Il calcio privato

Pare che la Lega Calcio, l’organismo più resistente all’evoluzione millenaria dopo gli squali, le tartarughe e una rara specie di lepidottero che vive sul versante sudest della seconda discesa a sinistra della prima porzione orientale della Papuasia, abbia deciso di vietare ogni forma di testimonianza umana delle partite, eccezion fatta per Sky, Rai (“Quelli che il calcio”, cioè la trasmissione che meno si occupa di calcio tra le trasmissioni sportive) ed eventuali network milionari.


Ciò significa che tutte le tv private perderebbero trasmissioni di punta, audience e spunti commerciali.
Sono un abbonato Rai, sono anche abbonato a un network privato: insomma pago tutto quello che c’è da pagare per vedere poche ore di tv all’anno. Per il calcio pago qualcosa in più, anche se io vorrei andare allo stadio, ma mia moglie (tifosa pure lei) ha un debole per la tribuna cuscinata del divano di casa.
Però un campionato senza i salottini delle tv private, senza la passione di telecronisti nostrani che farebbero quel mestiere anche gratis, senza il tifo verace che i media blasonati ci negano, senza il sudore vero che è il contrario di quello che appare prima e dopo il superspot, un campionato così io non me lo immagino.
Quella che la Lega calcio ha in mente è una competizione che si allontana, istante dopo istante, dalla gente, dal substrato del tifoso. E’ un modello che è sempre più Balotelli (un giocatore che se ne infischia del pubblico pagante della sua squadra, cioé di chi gli dà lo stipendio) ed è sempre meno Miccoli (uno che sceglie di rimanere in una piccola società pur di mantenere il piccolo scettro di piccolo re, anche a discapito dei guadagni).
La Lega Calcio è l’organo infetto di un Paese malato, dove neanche il divertimento si discosta per un attimo dalla logica del profitto sempre e comunque, dove la monetizzazione parte col primo applauso dell’ultrà borchiato e termina con l’ultimo sorriso di plastica di Simona Ventura.
Se fossi in campo saprei io contro chi scagliare la pallonata definitiva.

Pubblicato da

Gery Palazzotto

Palermo. Classe 1963. Sei-sette vite vissute sempre sbagliando da solo. Sportivo nonostante tutto.

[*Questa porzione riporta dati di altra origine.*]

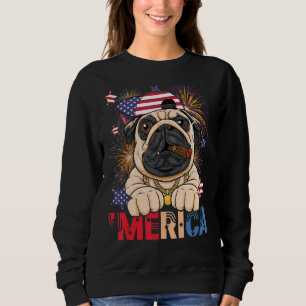 Merica Bulldog Cigar American Flag Cap Fireworks 4 Sweatshirt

2 commenti su “Il calcio privato”

  1. Evidentemente non hanno mai abbastanza soldi. A cominciare da Zamparini (del quale comunque si riconoscono i meriti, perché senza di lui anche il calcio sarebbe agli stessi livelli del resto della città, per esempio nei servizi) che lo sa, ma ci tenta di prendere per pecoroni i tifosi; cioè sa che non hanno il dono dell’ubiquità da essere contemporaneamente davanti ai media e dentro lo stadio e pagare per entrambi nello stesso momento. Non ne hanno abbastanza per pagare i procuratori parassiti i quali mangiano una cospicua fetta degli introiti, ma nessuno, chissà perché, vuole regolamentare questo settore, ovvero “assicutalli” per eliminare questa forma di schiavitù e malaffare laddove non si rispettano i contratti e ricattano le società, contratti peraltro firmati con i privilegi tutti da una parte e i possibili danno solo per le società. Non ne hanno mai abbastanza soldi per arricchire un manipolo di ragazzi in mutande che scalciano un pallone e che salvo rare eccezioni sono molto discutibili moralmente ed intellettualmente. Più soldi più potere è superfluo e pure banale dirlo, potere in mano ad altri personaggi discutibili che si sono infiltrati dentro quello che era un bellissimo rito tribale, e l’hanno inquinato con i loro affari.
    Ecco, tgs (che vedo nella foto) e tutti i media simili devono pagare, ancora non l’hanno detto chiaramente, ma se queste fossero veramente le intenzioni sarebbe, paradossalmente, il male minore, altrimenti si tratta di un ulteriore tasselo del percorso che porta al… grande fratello di Orwell.